-- Material supplied follows --
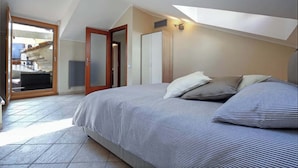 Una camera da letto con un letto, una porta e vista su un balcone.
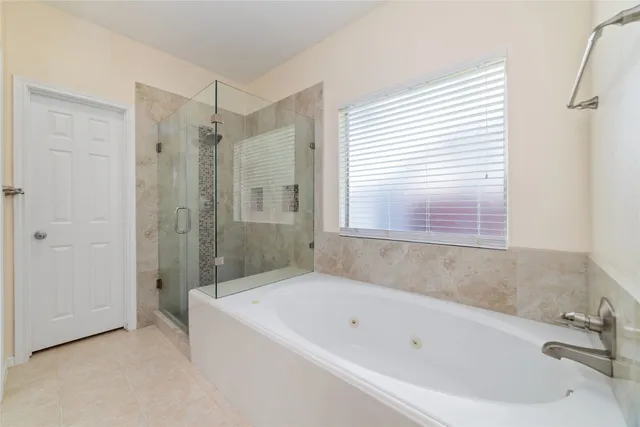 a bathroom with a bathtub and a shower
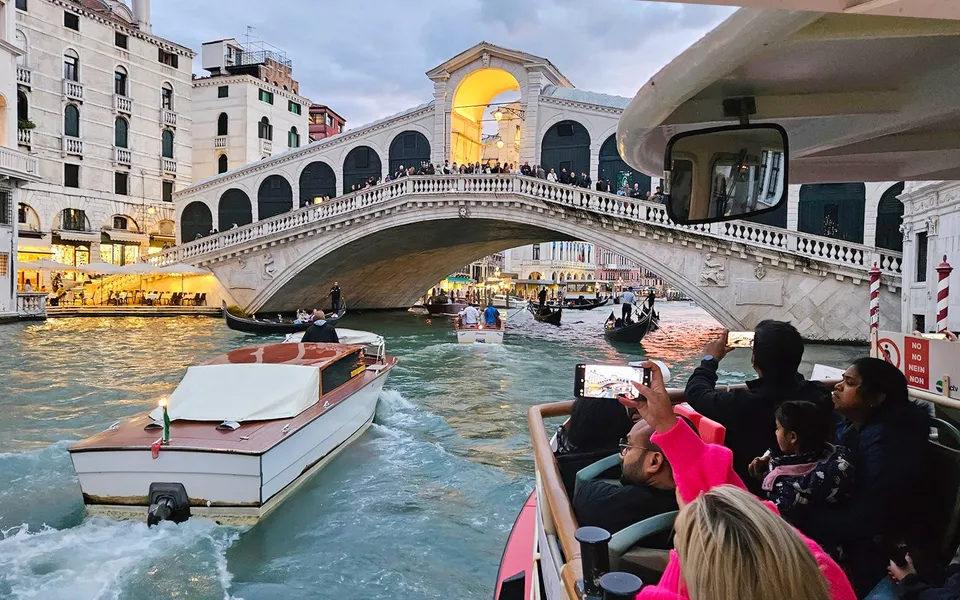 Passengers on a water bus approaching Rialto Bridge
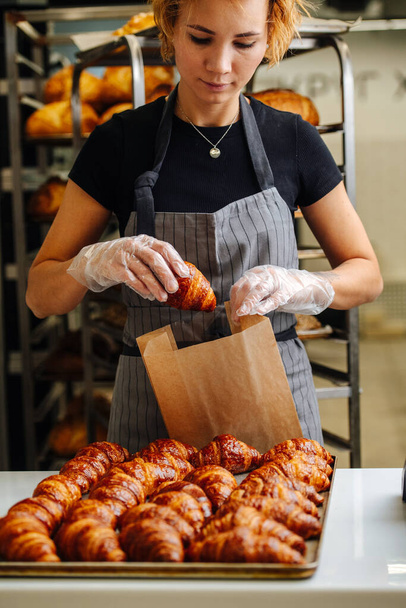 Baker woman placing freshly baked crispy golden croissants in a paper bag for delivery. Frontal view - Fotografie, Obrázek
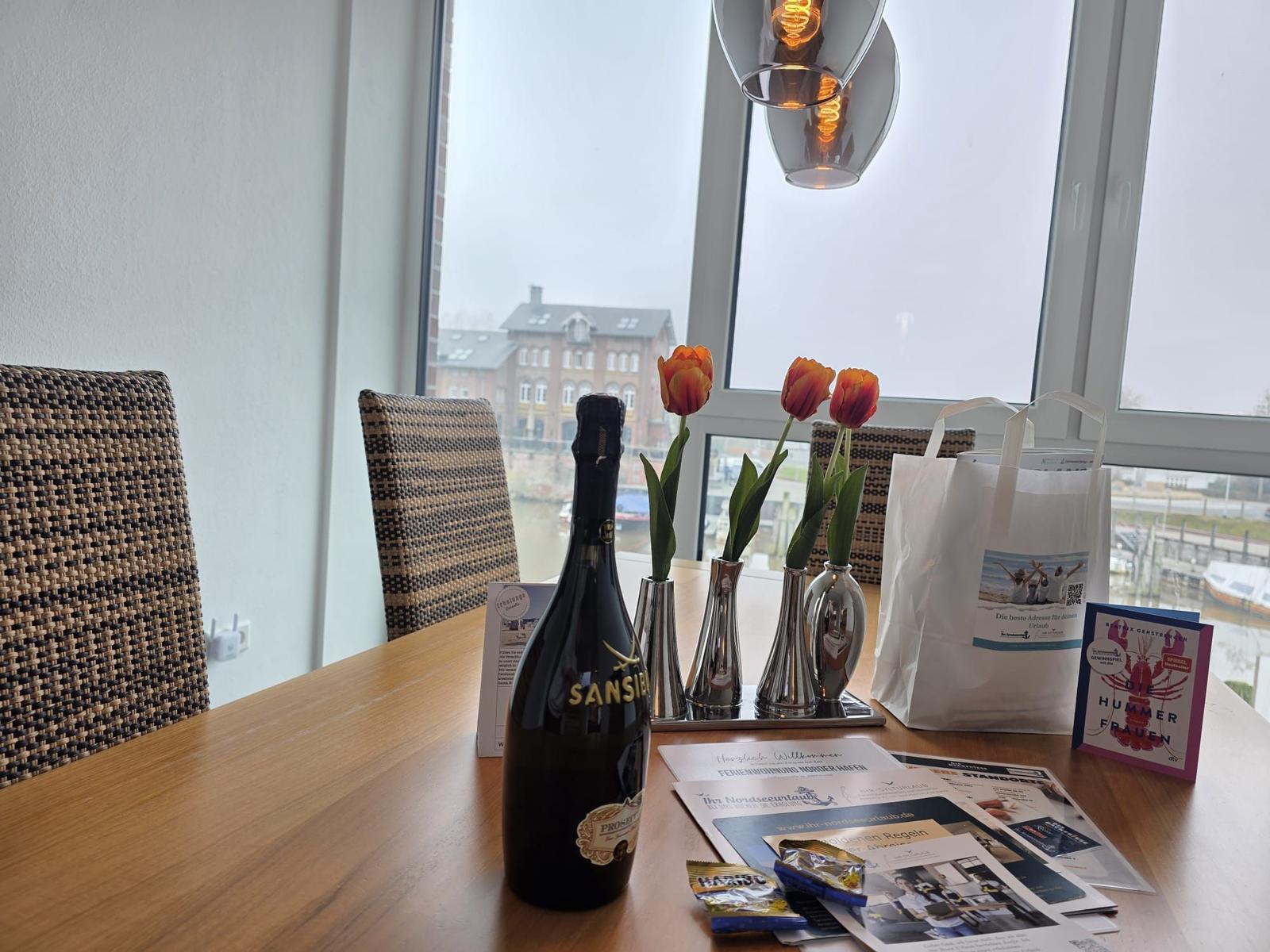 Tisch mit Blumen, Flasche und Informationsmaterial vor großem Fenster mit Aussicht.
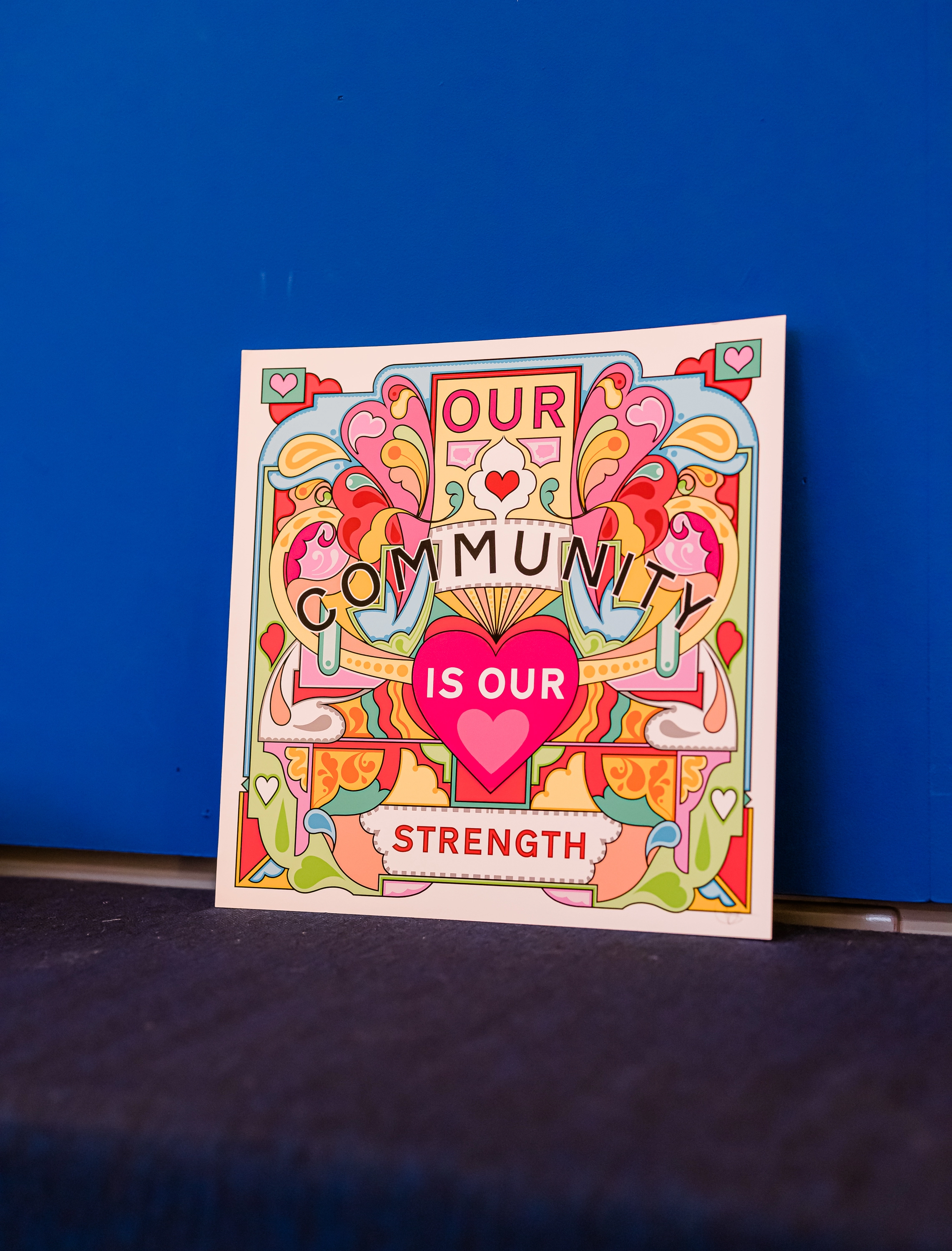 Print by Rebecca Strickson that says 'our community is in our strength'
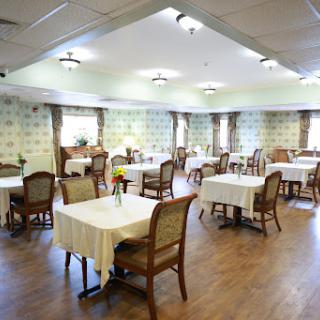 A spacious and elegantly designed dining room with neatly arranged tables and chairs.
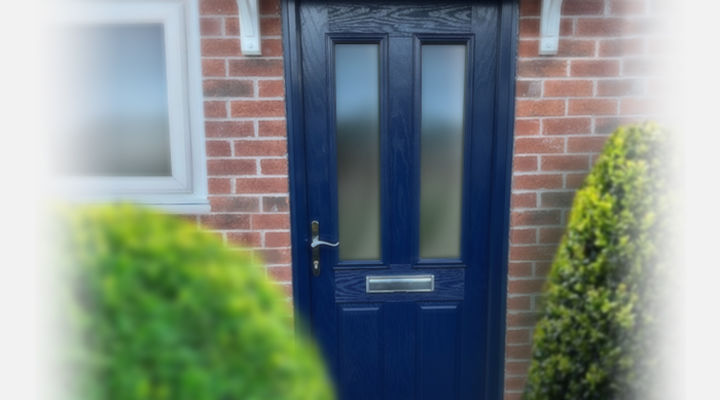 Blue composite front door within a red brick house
-- Material supplied concluded --
Task prompt:
Every line of the data above is to be repeated exactly; the images are to be left out.

Task response:
 Una camera da letto con un letto, una porta e vista su un balcone.
 a bathroom with a bathtub and a shower
 Passengers on a water bus approaching Rialto Bridge
 Baker woman placing freshly baked crispy golden croissants in a paper bag for delivery. Frontal view - Fotografie, Obrázek
 Tisch mit Blumen, Flasche und Informationsmaterial vor großem Fenster mit Aussicht.
 Print by Rebecca Strickson that says 'our community is in our strength'
 A spacious and elegantly designed dining room with neatly arranged tables and chairs.
 Blue composite front door within a red brick house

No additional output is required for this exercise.